# SOURCE MATERIAL
◇ ◇ ◇ ◇ ◇ ◇ ◇
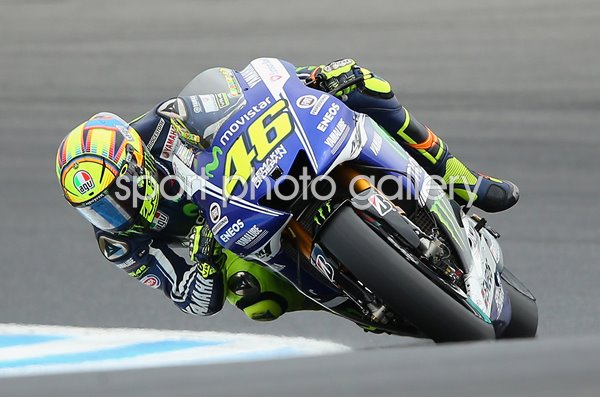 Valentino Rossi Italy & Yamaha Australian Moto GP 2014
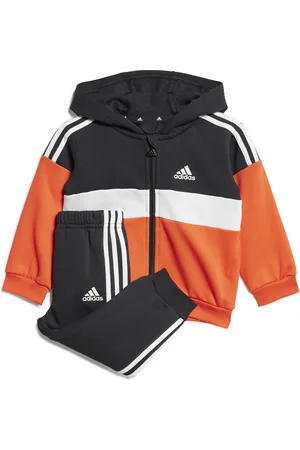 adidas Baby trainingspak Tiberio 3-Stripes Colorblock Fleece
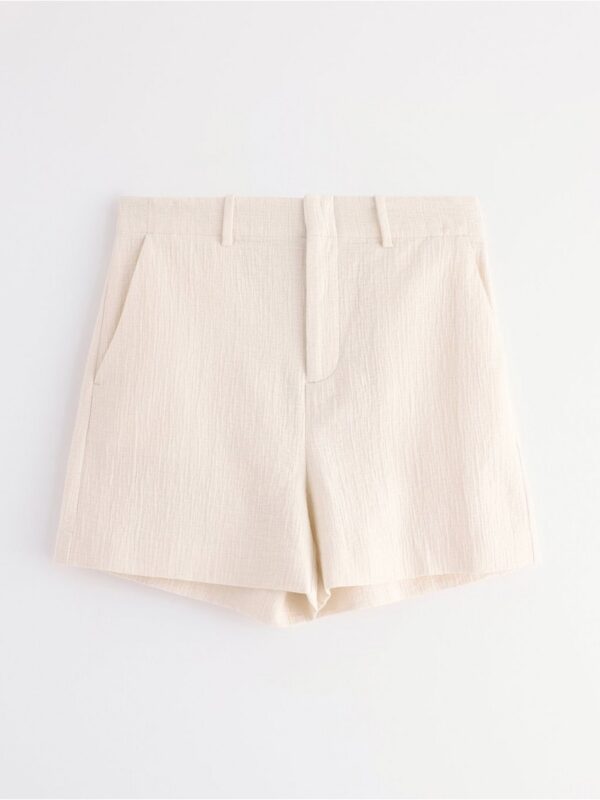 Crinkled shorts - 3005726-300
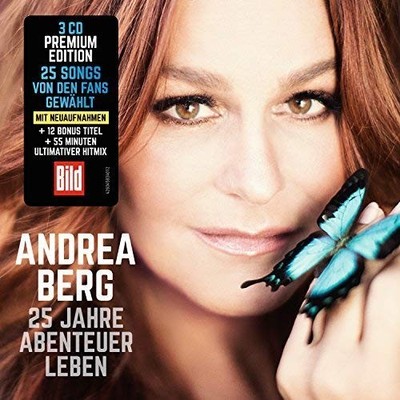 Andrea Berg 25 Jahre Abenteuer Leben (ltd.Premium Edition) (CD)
◇ ◇ ◇ ◇ ◇ ◇ ◇
# DIRECTIONS
Begin with the line that contains "Crinkled shorts - 3005726-300" and repeat every line through the end of the data, exactly and only those lines, leaving out the pictures.

# YOUR RESPONSE
 Crinkled shorts - 3005726-300
 Andrea Berg 25 Jahre Abenteuer Leben (ltd.Premium Edition) (CD)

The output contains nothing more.